DATASET CONTENT:
Start of Block
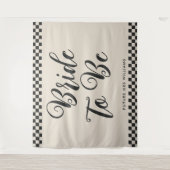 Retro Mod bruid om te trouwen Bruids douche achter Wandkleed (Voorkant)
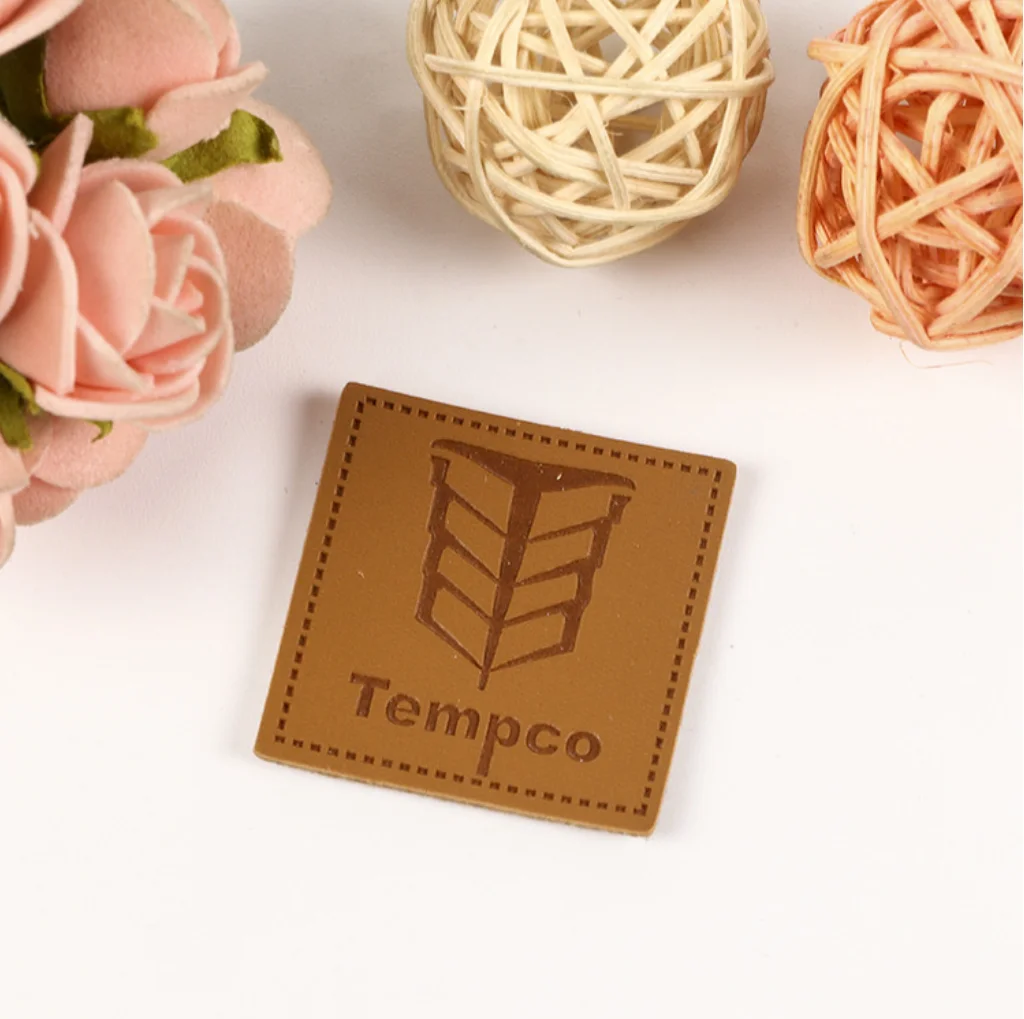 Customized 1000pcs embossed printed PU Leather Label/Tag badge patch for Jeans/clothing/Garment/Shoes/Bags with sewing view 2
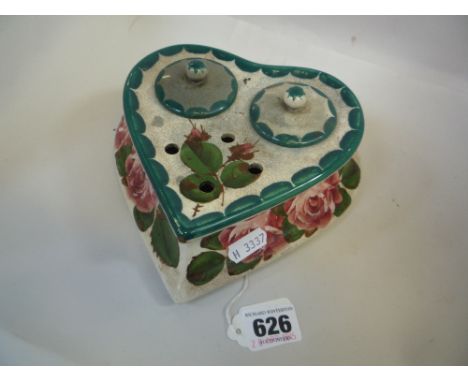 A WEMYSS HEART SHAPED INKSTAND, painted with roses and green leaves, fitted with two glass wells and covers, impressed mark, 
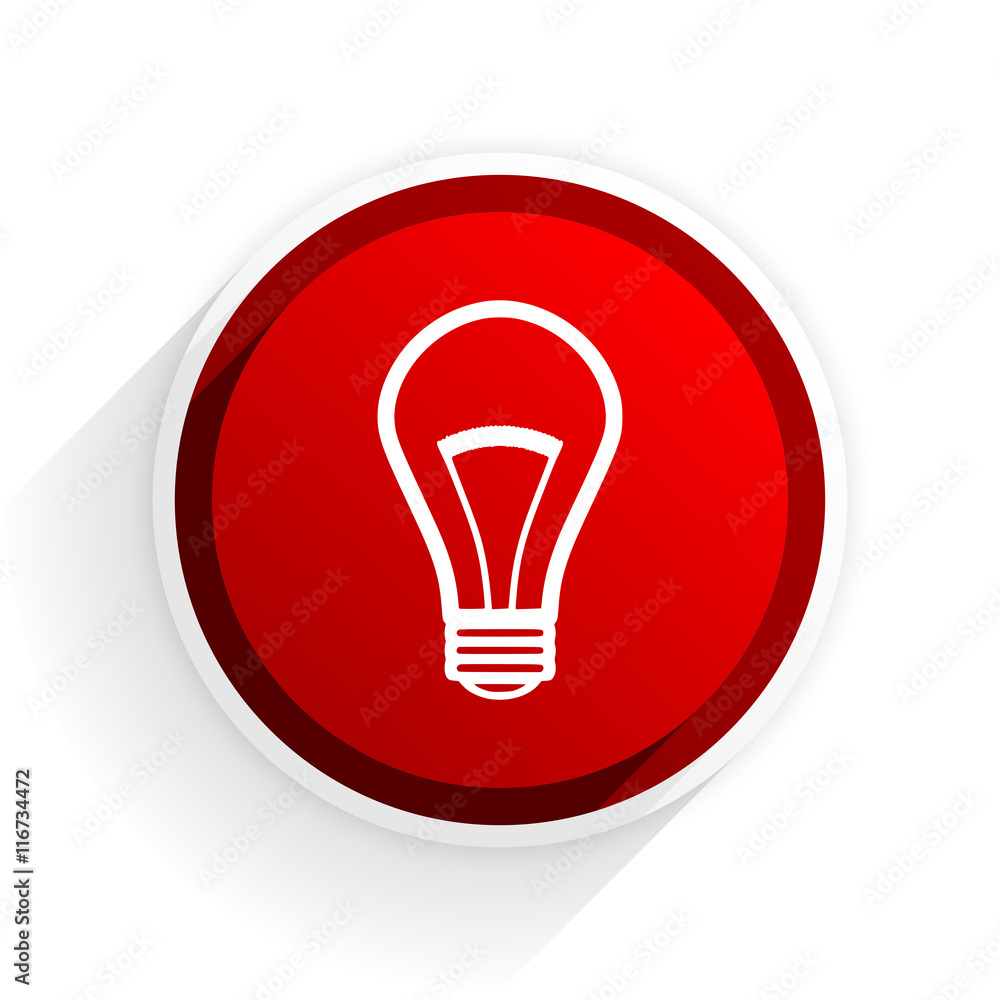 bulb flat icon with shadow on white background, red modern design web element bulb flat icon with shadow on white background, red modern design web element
End of Block
EXERCISE DETAILS:
Print the lines from the one that contains "A WEMYSS HEART" through the last line of the data, exactly and in full, and no other lines. Pictures are not part of the copy.

SOLVED PROBLEM:
 A WEMYSS HEART SHAPED INKSTAND, painted with roses and green leaves, fitted with two glass wells and covers, impressed mark, 
 bulb flat icon with shadow on white background, red modern design web element bulb flat icon with shadow on white background, red modern design web element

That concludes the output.